The Centre for Population Health (CPH) at the Macfarlane Burnet Institute for Medical Research and Public Health conducted the Melbourne arm of the 2009 IDRS study between June and September 2009. The project consisted of:
a structured survey of 150 current IDU recruited from a number of sites across the metropolitan Melbourne area;
semi-structured interviews with 30 KE from a variety of professional settings, selected according to their knowledge about illicit drug use, and level of contact with illicit drug users during the six months preceding the survey; and
analysis of secondary indicator data.
Data collected via these three methods were analysed in order to identify illicit drugrelated trends in Melbourne for the 2008/2009 financial year. Where appropriate, these data were also compared to findings from the 1997-2008 IDRS studies.
Key changes detected in the 2009 IDRS were:
A greater percentage of participants reported methamphetamine to be their drug of choice compared with 2008 (20% compared with 11%, respectively) which may explain the decrease in frequency of heroin use reported by the 2009 sample.

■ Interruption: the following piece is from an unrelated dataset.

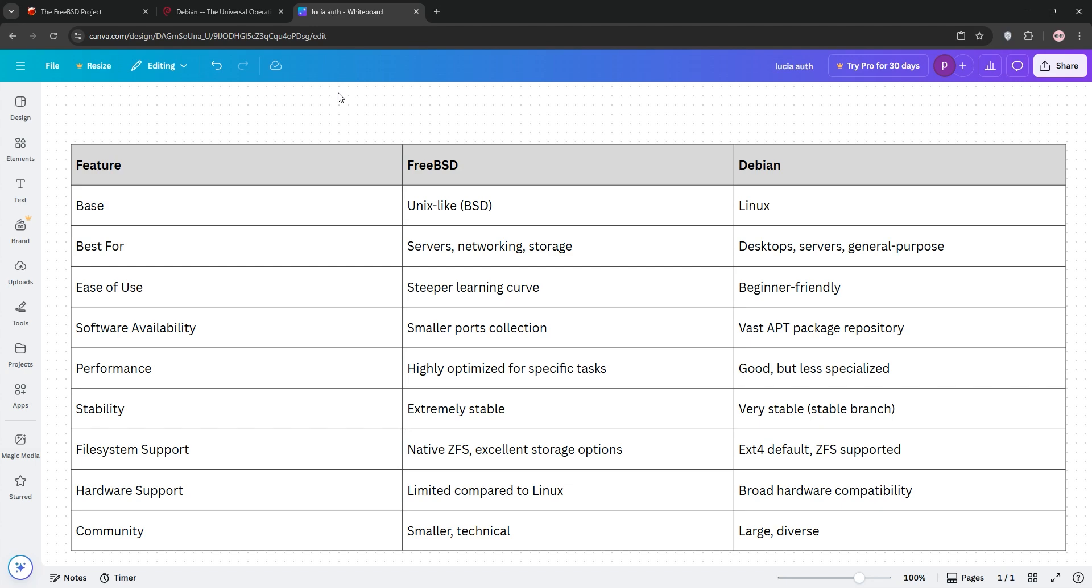So, how do they stack up? FreeBSD shines in performance-critical environments like servers or storage, thanks to its unified design and ZFS. It's less flexible for desktops and needs more technical know-how.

Differing patterns of use of the three main types of amphetamines were noted, with speed use remaining stable, crystal methamphetamine use continuing to decline, and base use increasing following two years of decline.
A significant decrease in the percentage of participants reporting daily cannabis use compared with the 2008 sample.
Changing patterns of benzodiazepine use, with reports of recent benzodiazepine use at the highest level since the withdrawal of Temazepam gel capsules from the market in 2004.